I think I can say, without fear of contradiction, that One Day is the first film to be centered around St. Swithin's Day. It really should have been called St. Swithin's day, but then would have mistaken it for one of those horrid romantic ensemble comedies made by Garry Marshall.

This film has gotten some pretty bad reviews, but I liked it all right. Maybe it was my mood, or maybe it's that I could probably stand to see Anne Hathaway reading the instruction manual for an electric toothbrush. She has what they used to call star quality, and even though her English accent comes and goes here, she's radiant. All by herself she has lifted this film one entire grade for me.

The conceit, and it's a pretty good one, is that we follow the relationship between two people by looking in on them during only one calendar day through the years--July 15th, the day for a certain English saint who is buried in Winchester. We start in 1988, when Emma (Hathaway) and Dex (Jim Sturgess) are celebrating graduation (they graduate kind of late in the year in England). They really don't know each other too well, but Hathaway has a crush on him, and they spend a night together, although chastely, and decide they will be just friends (it takes a bit of acting on Sturgess's part to convince me he would turn Hathaway down--I think he was turned off by her putting Tracy Chapman on her record player).

We then are shown every July 15th in successive years, all they way to 2010. Hathaway wastes her education by sporting a sombrero in a Tex-Mex restaurant. Dex teaches English in India, but then becomes a TV host for some sort of late-night music program. He is wildly successful, but turns into an asshole, and is later called the most annoying man on the telly (he must have been the British equivalent of Ryan Seacrest).

Hathaway takes up with a fellow waiter, (Rafe Spall) an aspiring comedian, and then writes a successful children's novel and moves to Paris. Sturgess ends up married to an icy blonde (Romola Garai). The feelings between the two linger, though, even when Hathaway ends it after Sturgess shows up for dinner coked out of his mind.

I won't go any further that that, as most smart viewers will see certain things coming. There's a dramatic twist at the end that I should have seen coming, but only spotted seconds before it occurred. This scene will make many viewers roll their eyes, but it kept with the melodramatic nature of the film.

I did appreciated that, though there are some coincidences, being that the film is limited to action on July 15th, that not everything happens on that day. There are a couple of weddings in the film, neither of which are on that day, and other momentous events happen off-screen. This gives the film a much more realistic feeling.

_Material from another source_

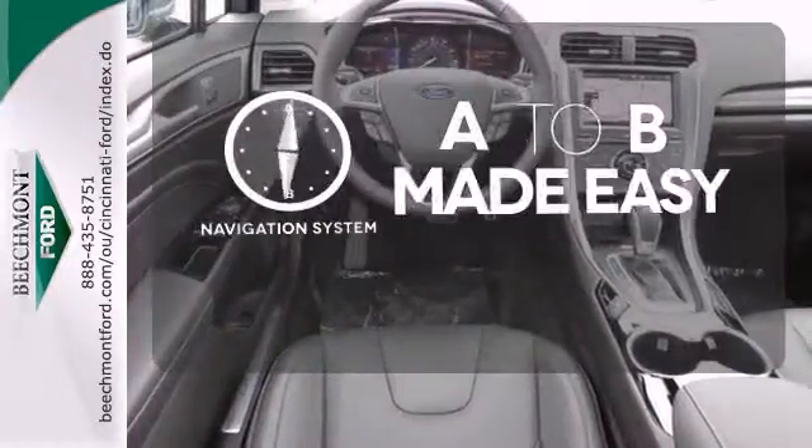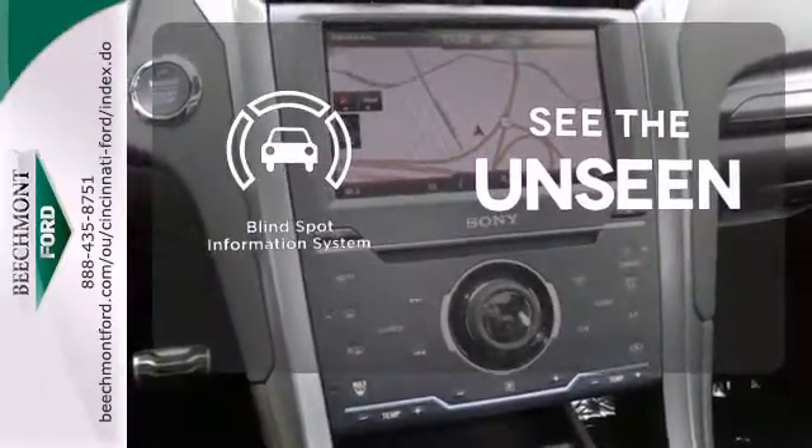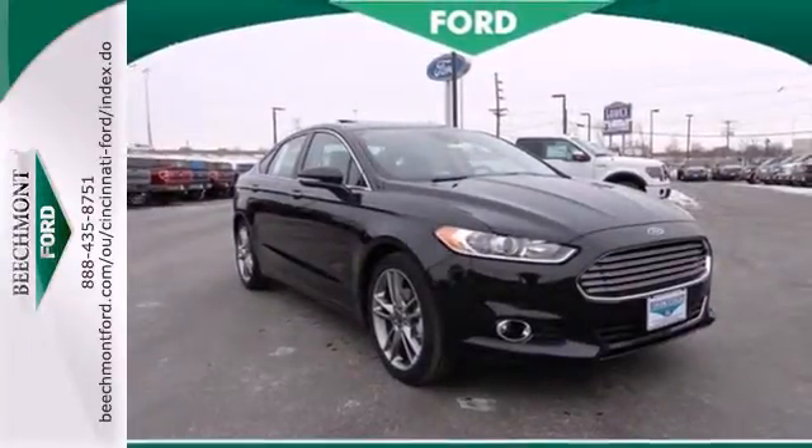Never feel lost again with the navigation system. Negotiating traffic has never been easier thanks to the blind spot indicator. You'll want to keep both hands on the heated steering wheel. You can't go wrong with this Fusion. Check it out today.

One Day was directed by Lone Scherfig, who also made the far superior An Education, but her talent is evident here, taking what could have been a throwaway weepie into something more intricate. This is helped not only by Hathaway (Sturgess isn't bad, but he's outshone by his leading lady, something that James Franco can relate to) but by a witty script by David Nicholls, who wrote the book it's based on. He also wrote the book and script for the charming Starter for Ten, and there's a lot of great lines in One Day, usually spoken by Hathaway. She says of her new, tattered apartment, "It smells of onions and disappointment," and describes her conservative swimsuit, "It's a swimming costume. It's called the Edwardian."